TASK DESCRIPTION – Your reply should contain nothing except the lines from the one with "Al 32 B&B Massa Marittima Exterior photo" through the end of the listing below, reproduced exactly and stripped of pictures.

RECORDS FOR THIS TASK –

_____

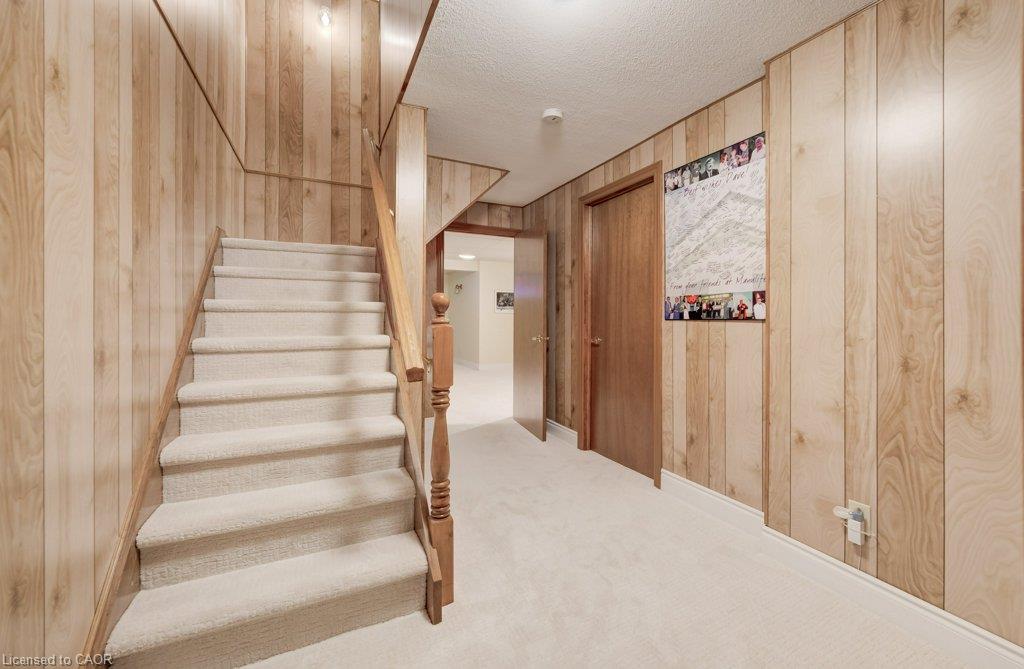 449 Knightsbridge Court Property Photo 36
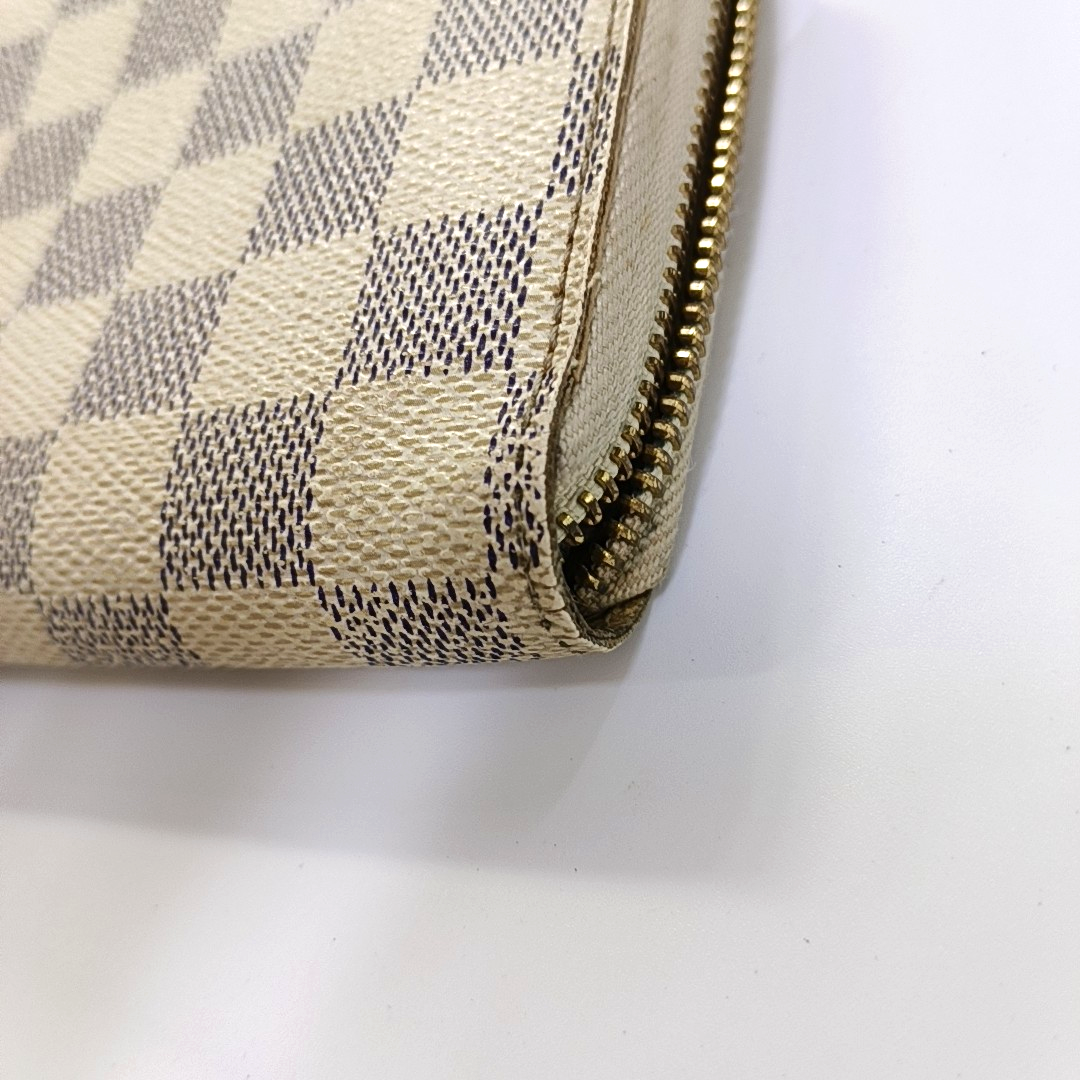 LOUIS VUITTON White Coated Canvas Checkered Wallet Golden hardware-(SKU)-960575120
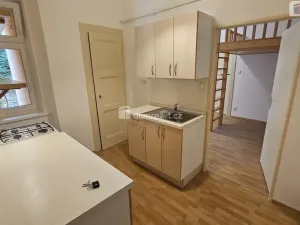 Pronájem bytu 2+1, Praha - Vysočany, U vysočanského pivovaru, 49 m2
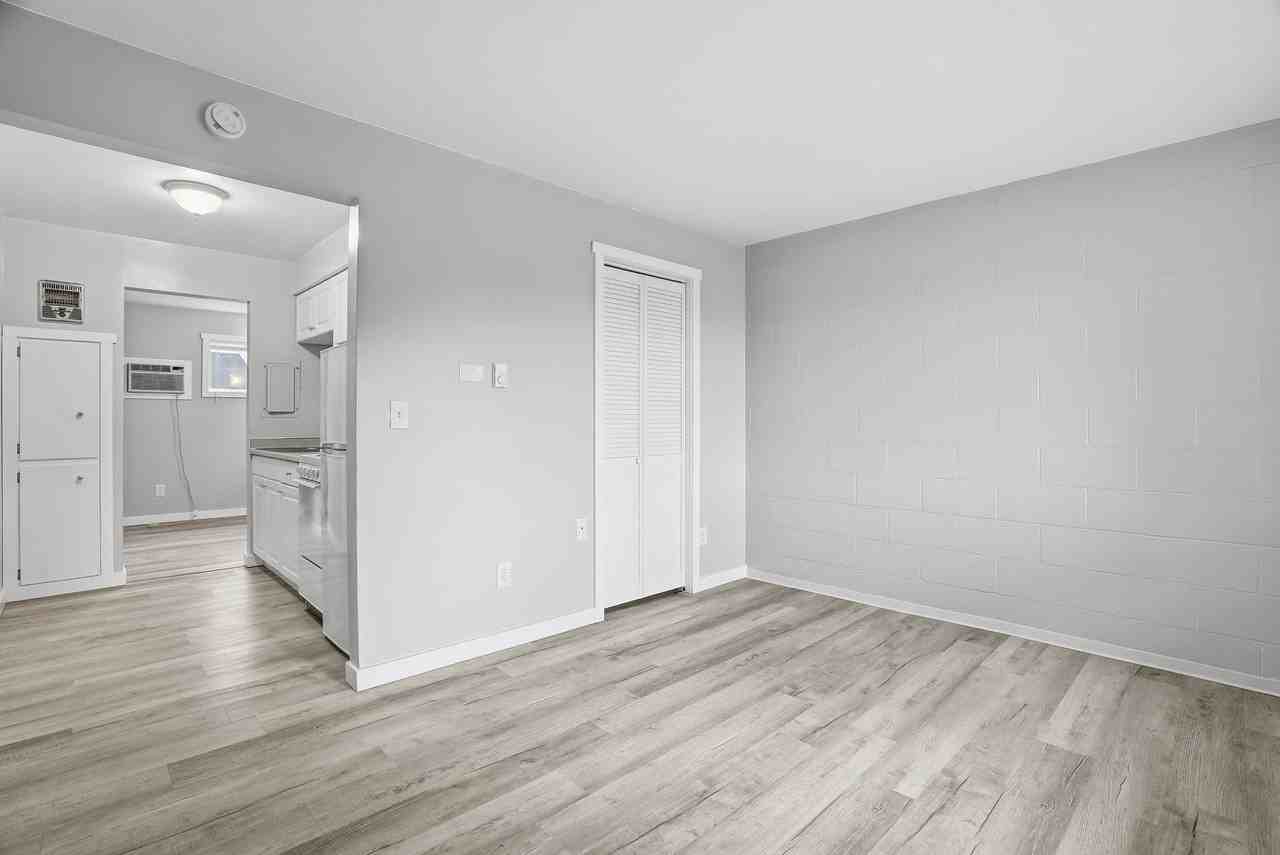 LA -East Fairview Avenue - Photo 5 of 28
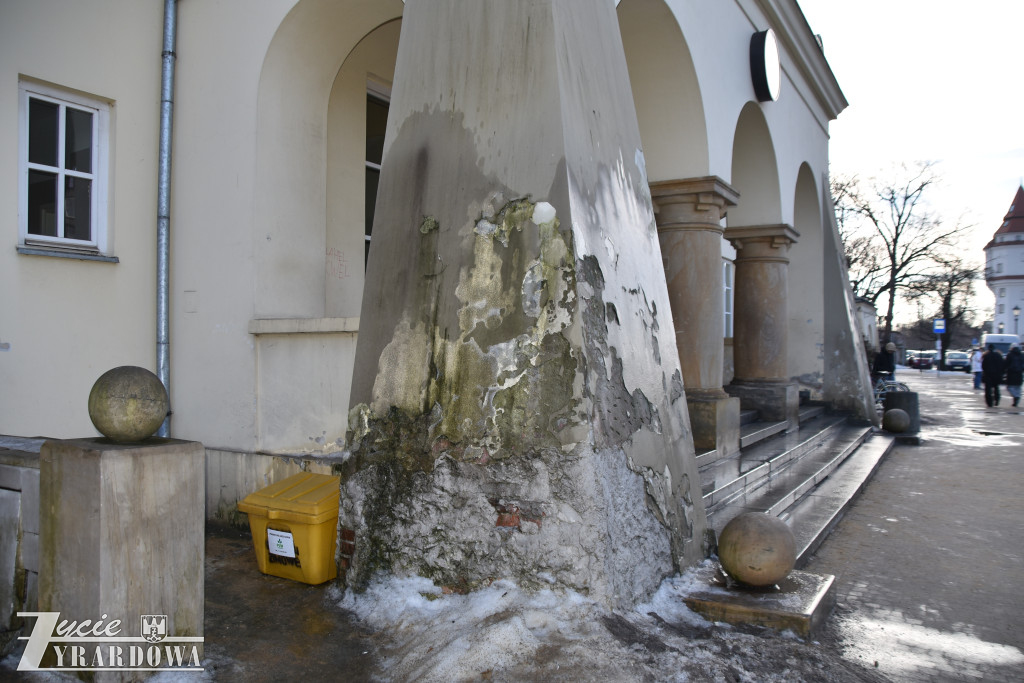 Dlaczego nie remontują dworca PKP w Żyrardowie?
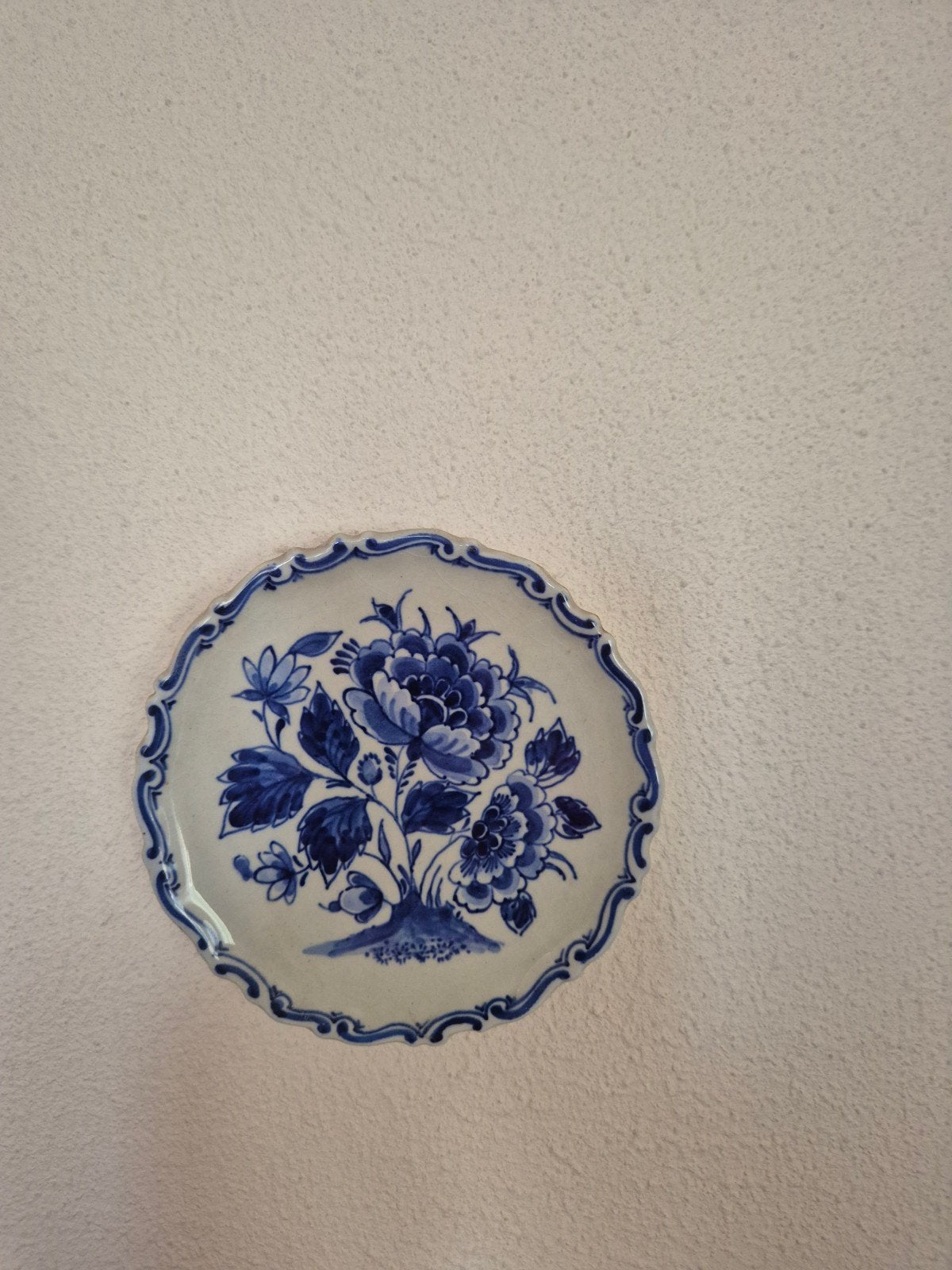 Delfts blauw wandbordje met bloemmotief, Ophalen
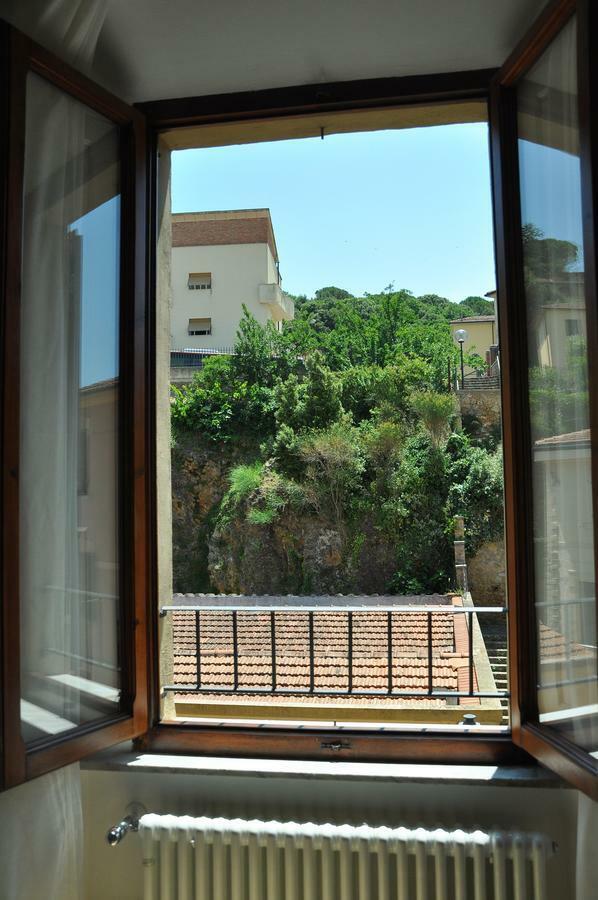 Al 32 B&B Massa Marittima Exterior photo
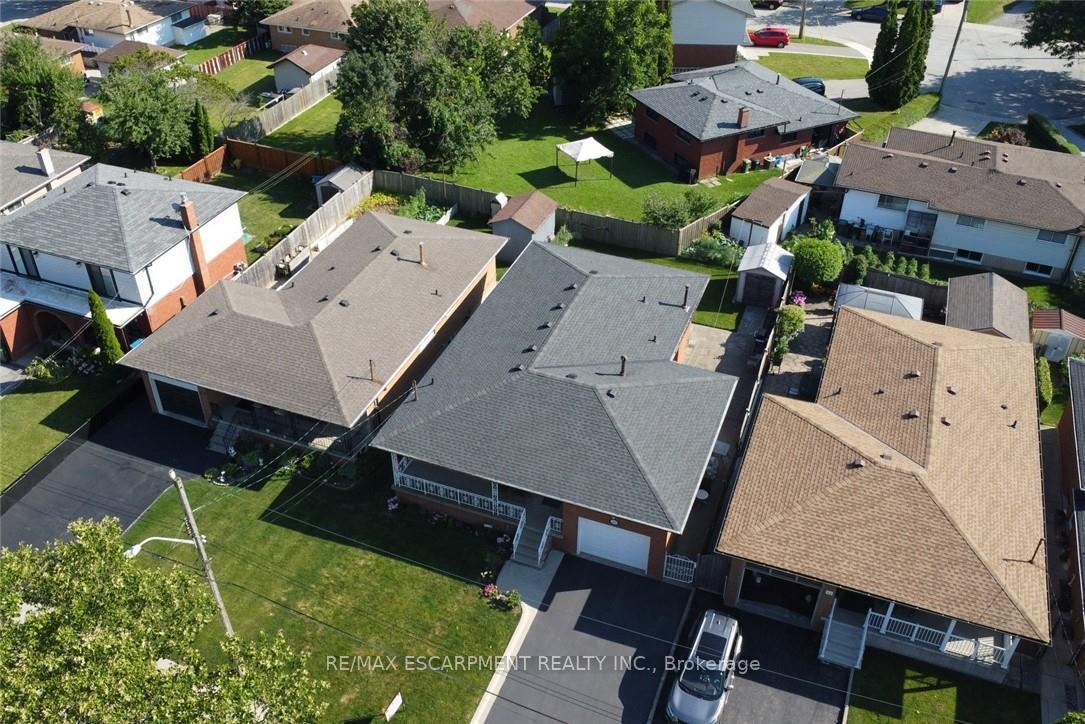 Photo 2 of 36 Abbington Drive, Hamilton, Gilbert — HOMEH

_____

ANSWER AREA –
 Al 32 B&B Massa Marittima Exterior photo
 Photo 2 of 36 Abbington Drive, Hamilton, Gilbert — HOMEH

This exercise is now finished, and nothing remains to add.